Pada tingkat yang paling luas, kita dapat menganggap kecerdasan sebagai kemampuan untuk mencapai berbagai tujuan dalam lingkungan yang berbeda. Sistem yang lebih cerdas adalah sistem yang dapat mencapai tujuan yang lebih luas dalam lingkungan yang lebih luas.

Oleh karena itu, cara terbaik untuk melacak kemajuan dalam desain sistem AI untuk tujuan umum adalah dengan menilai kinerjanya dalam berbagai tugas. Peneliti pembelajaran mesin telah mengembangkan serangkaian tolok ukur yang dapat melakukan hal ini.

Misalnya, GPT-4 dulu mampu menjawab dengan benar 86% pertanyaan dalam pemahaman bahasa multitask yang masif – sebuah tolok ukur yang mengukur kinerja pada tes pilihan ganda di berbagai mata pelajaran akademik tingkat perguruan tinggi.

Itu juga mendapat skor positif AgenBench, alat yang dapat mengukur kemampuan model bahasa besar untuk berperilaku sebagai agen, misalnya dengan menjelajahi web, membeli produk secara online, dan berkompetisi dalam game.

Apakah tes Turing masih relevan?

Tes Turing adalah ukuran peniruan – kemampuan AI untuk mensimulasikan perilaku manusia. Model bahasa besar adalah peniru ahli, yang kini tercermin dalam potensi mereka untuk lulus tes Turing. Namun kecerdasan tidak sama dengan imitasi.

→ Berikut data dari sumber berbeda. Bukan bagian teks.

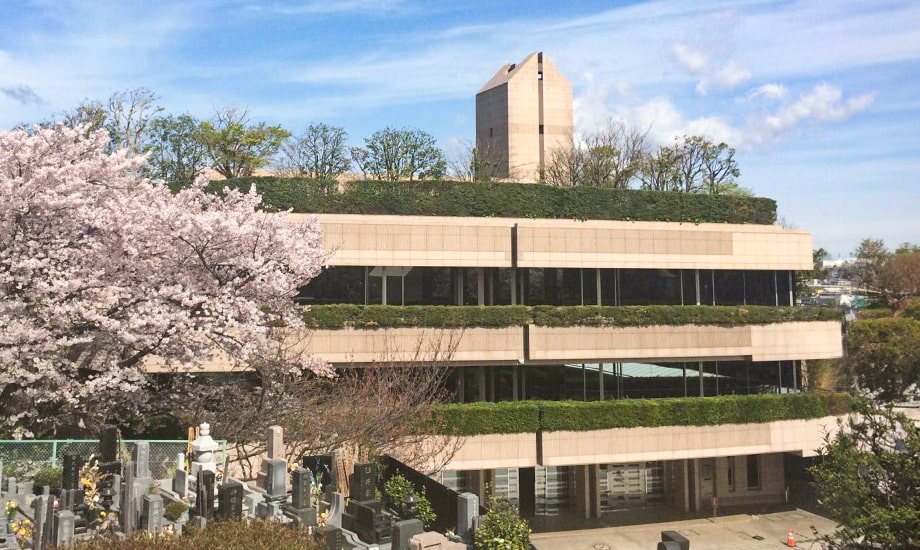 横浜市久保山斎場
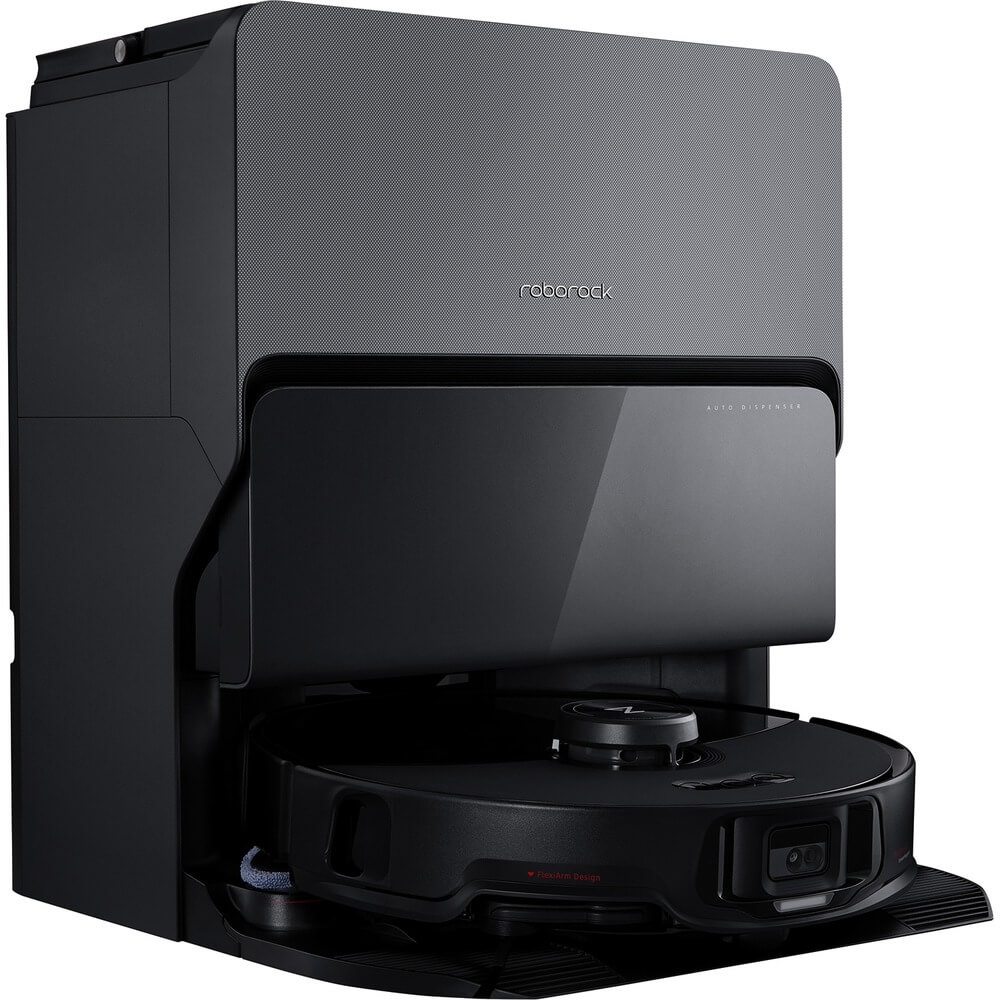 Робот-пылесос Roborock S8 MaxV Ultra, черный Фото 2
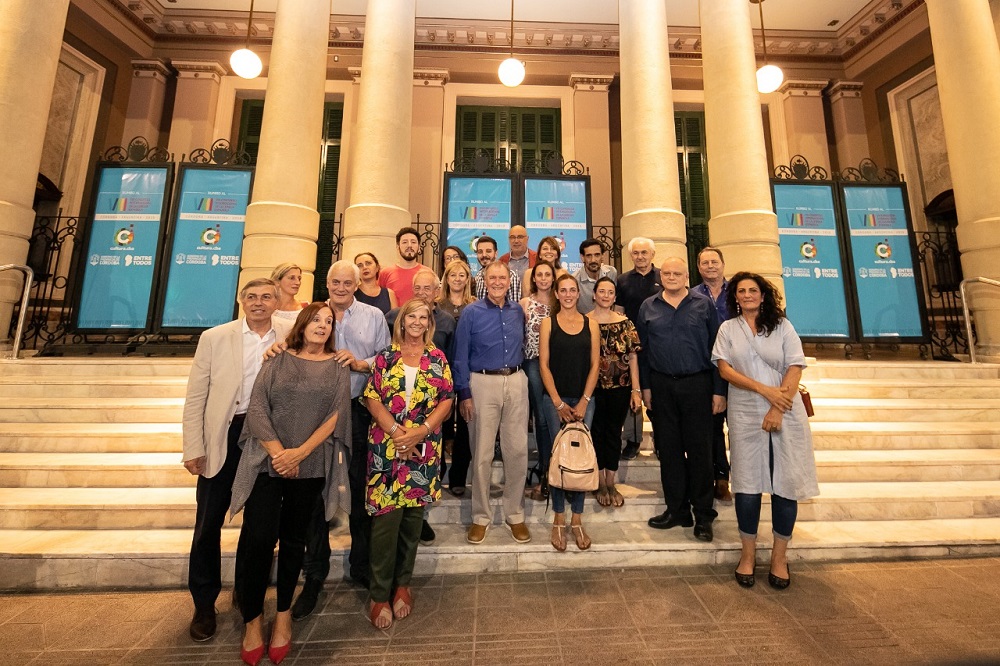 Teatro del Libertador by prensa Gobierno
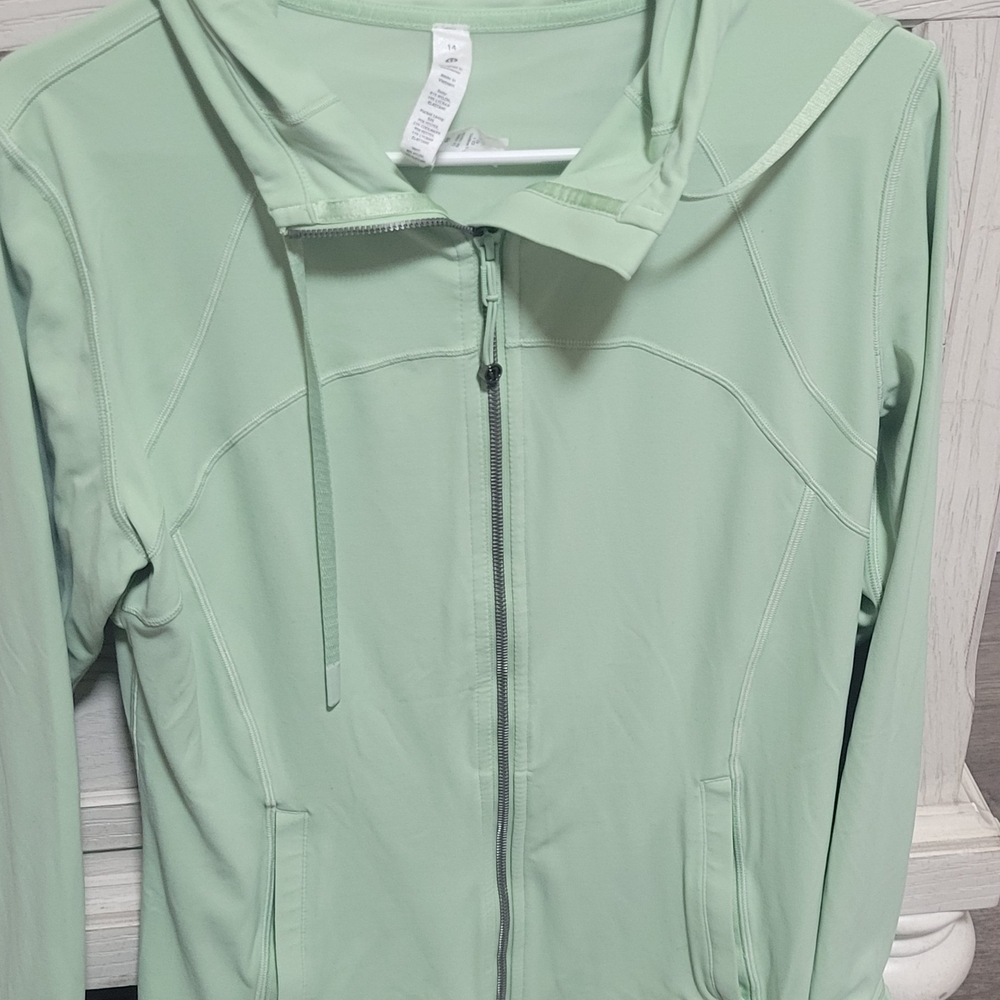lululemon athletica Mint Green Jacket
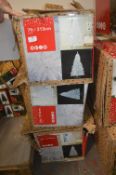 *Three 7ft Igora Christmas Trees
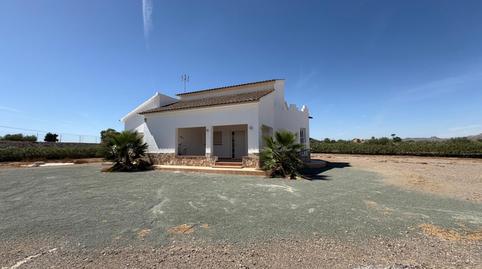 Foto 2 de Finca rústica en venda a Campillo, Murcia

Ada banyak jenis kecerdasan seiring dengan banyaknya tujuan yang ingin dicapai. Cara terbaik untuk memahami kecerdasan AI adalah dengan memantau kemajuannya dalam mengembangkan berbagai kemampuan penting.

Pada saat yang sama, penting bagi kita untuk tidak terus-menerus “mengubah tujuan” ketika dihadapkan pada pertanyaan apakah AI itu cerdas. Karena kemampuan AI meningkat pesat, para pengkritik gagasan kecerdasan AI terus-menerus menemukan tugas-tugas baru yang mungkin sulit diselesaikan oleh sistem AI – namun ternyata mereka telah melampaui batasnya. satu lagi rintangan.

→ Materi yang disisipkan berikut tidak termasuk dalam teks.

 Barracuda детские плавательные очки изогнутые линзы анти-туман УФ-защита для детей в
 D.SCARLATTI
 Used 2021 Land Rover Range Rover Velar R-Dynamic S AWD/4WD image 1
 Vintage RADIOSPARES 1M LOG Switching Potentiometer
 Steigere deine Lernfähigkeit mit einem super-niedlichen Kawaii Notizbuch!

Dalam situasi ini, pertanyaan yang relevan bukanlah apakah sistem AI itu cerdas – namun lebih tepatnya, apa jenis kecerdasan yang mungkin mereka miliki.Percakapan

Simon Goldstein, Profesor Madya, Institut Filsafat Dianoia, Universitas Katolik Australia, Universitas Katolik Australia dan Cameron Domenico Kirk-Giannini, Asisten Profesor bidang Filsafat, Rutgers University

Artikel ini diterbitkan kembali dari Percakapan di bawah lisensi Creative Commons. Membaca Artikel asli.